* Description of the task
From the entries below, please output exactly the lines starting at the one containing "Gebze’nin Efeleri’nden etkili performans" and ending at the one containing "21年长安CS75轿车抵押车出售", both included.
BEGIN Data extract
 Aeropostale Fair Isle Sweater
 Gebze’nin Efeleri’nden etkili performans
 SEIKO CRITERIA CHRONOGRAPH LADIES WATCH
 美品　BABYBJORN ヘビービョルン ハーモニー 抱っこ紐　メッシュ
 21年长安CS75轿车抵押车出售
END Data extract
BEGIN Data extract
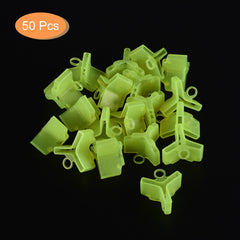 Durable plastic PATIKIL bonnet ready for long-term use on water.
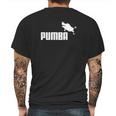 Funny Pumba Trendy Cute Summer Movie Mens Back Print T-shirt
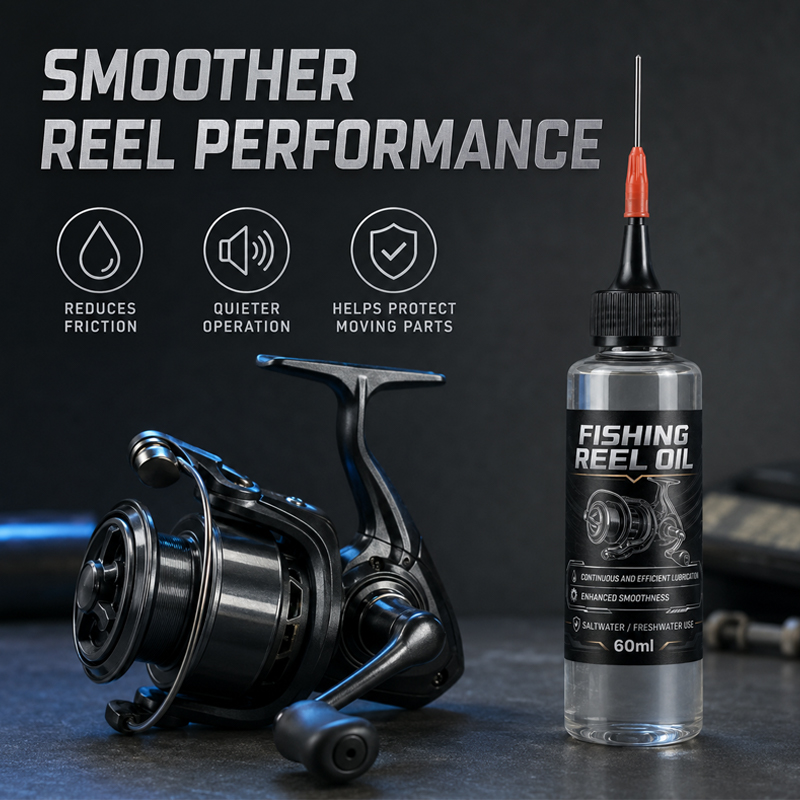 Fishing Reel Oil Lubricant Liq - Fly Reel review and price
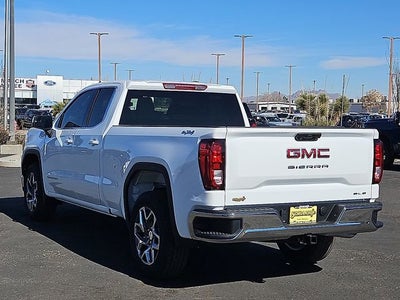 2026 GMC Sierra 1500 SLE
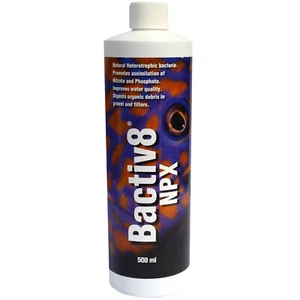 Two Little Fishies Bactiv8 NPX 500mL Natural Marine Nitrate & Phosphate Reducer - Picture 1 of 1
END Data extract
BEGIN Data extract
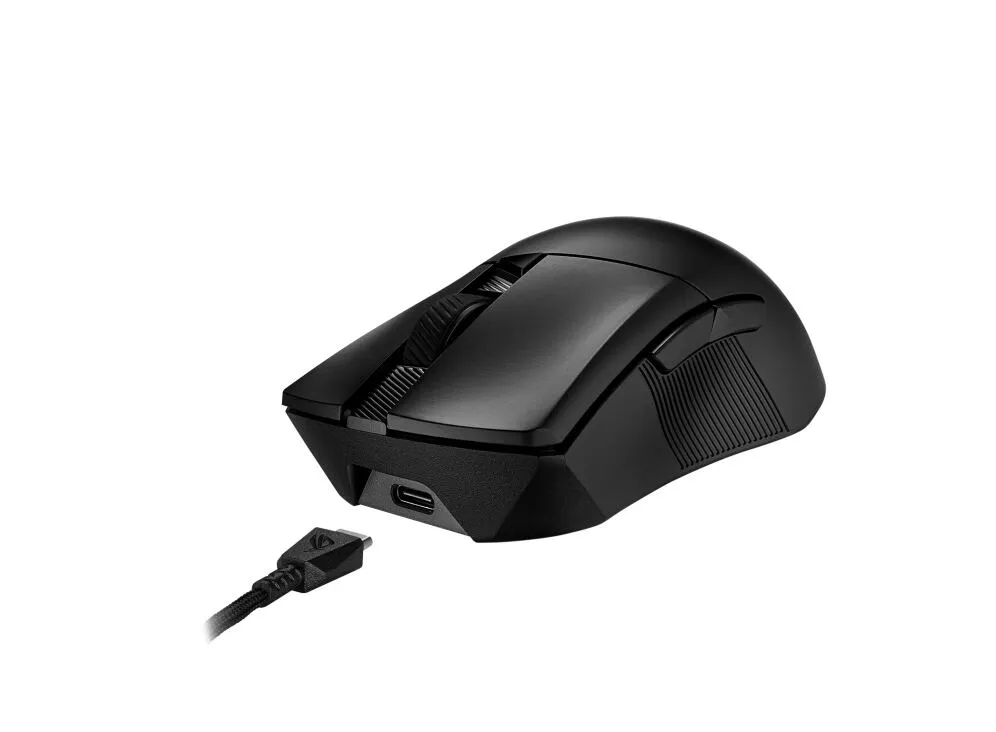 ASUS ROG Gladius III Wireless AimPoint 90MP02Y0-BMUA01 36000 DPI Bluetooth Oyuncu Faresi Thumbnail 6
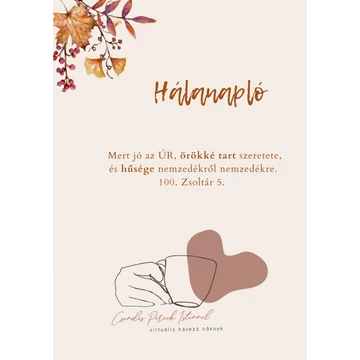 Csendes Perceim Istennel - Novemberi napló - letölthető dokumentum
END Data extract
* Exercise output
 Gebze’nin Efeleri’nden etkili performans
 SEIKO CRITERIA CHRONOGRAPH LADIES WATCH
 美品　BABYBJORN ヘビービョルン ハーモニー 抱っこ紐　メッシュ
 21年长安CS75轿车抵押车出售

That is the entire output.